Schön, wenn ihr es bis hierher geschafft habt! Ich würde mich ja sehr dafür interessieren, ob ihr Dinge anders eingeschätzt hättet. Und – vor allem, wenn ihr die Serie auch gesehen habt: was vermutet ihr, welche Typen sind Diane und Princess Carolyn? Princess Carolyn ist für mich als ENTJ in diesem Gespräch die eindeutigere von beiden, während ich Diane gerade die ersten Staffeln eher als INFJ eingeschätzt hatte, aber dann immer mehr zum Schluss gekommen bin, dass sie eher eine INFP ist. Jedenfalls mag ich beide Charaktere (und die Serie allgemein) sehr gerne.
Ich will an dieser Stelle auch nochmal erwähnen, dass dieser Dialogausschnitt keine Typanalyse der beiden Charaktere war. Typanalysen gehe ich eher wie ein Ermittler an, der beobachtet, recherchiert, Verknüpfungen macht, aber dabei versucht, nicht vorschnell jemanden zu verhaften. Erst wenn genug Indizien gesammelt wurden, ziehe ich eine vorsichtige Schlussfolgerung. Ein Dialog dieser Länge liefert in der Regel noch nicht ausreichend „Beweismaterial“, man bekommt eher ein Gefühl, einen Verdacht und kann in Zukunft versuchen, die eigenen Vermutungen zu falsifizieren. Sprich: versuchen, sie selbst zu widerlegen, bis man eine Behauptung aufstellt.
Und hier nochmal der Text in der Originalsprache.
Englisches Original
Diane: Princess Carolyn, wait. I understand, you’re trying to be helpful… in your own pushy, self-absorbed way.
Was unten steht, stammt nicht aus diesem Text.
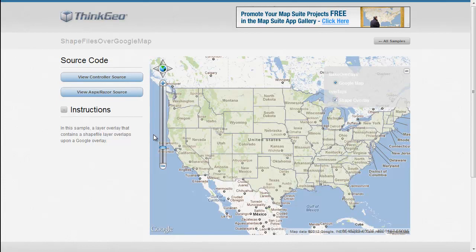In this MapSuite MVC edition sample app walkthrough, we're going to show how you can put shapefiles over a Google map. This can be very useful if you have your own custom data or your own data in shapefile format, but yet you want to still use Google Maps as your base map.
Princess Carolyn: Oh, thank you!
Diane: But I don’t wanna write a middle-grade fiction detective series!
Princess Carolyn: I think you do, though! Because, when I was reading it, I could tell you were having fun.
Diane: Yeah, but I’m not writing a book to „have fun“. If I don’t write my book of essays now, I never will!
Princess Carolyn: So? Don’t write your book of essays.
Diane: I have to!
Princess Carolyn: Why?
Diane: Because if I don’t, that means all the damage I got isn’t good damage. It’s just… damage. I have gotten nothing out of it, and all those years I was miserable was for nothing. I could have been… happy this all time and written books about girl detectives and been cheerful and popular and had good parents, is that what you’re saying?! What was it all for?
Princess Carolyn: I… I don’t know, Diane. All I know is that this book about the girl detective is fun. I liked it. I like thinking that my daughter could grow up in a world with books like that! Or, if my daughter’s not a reader, a lucrative film adaptation.
Diane: When I was a little girl, I thought that everything, all the abuse and neglect, it somehow made me special. And I decided that someday, I would write something that would make little girls like me feel less alone. And if I can’t write that book…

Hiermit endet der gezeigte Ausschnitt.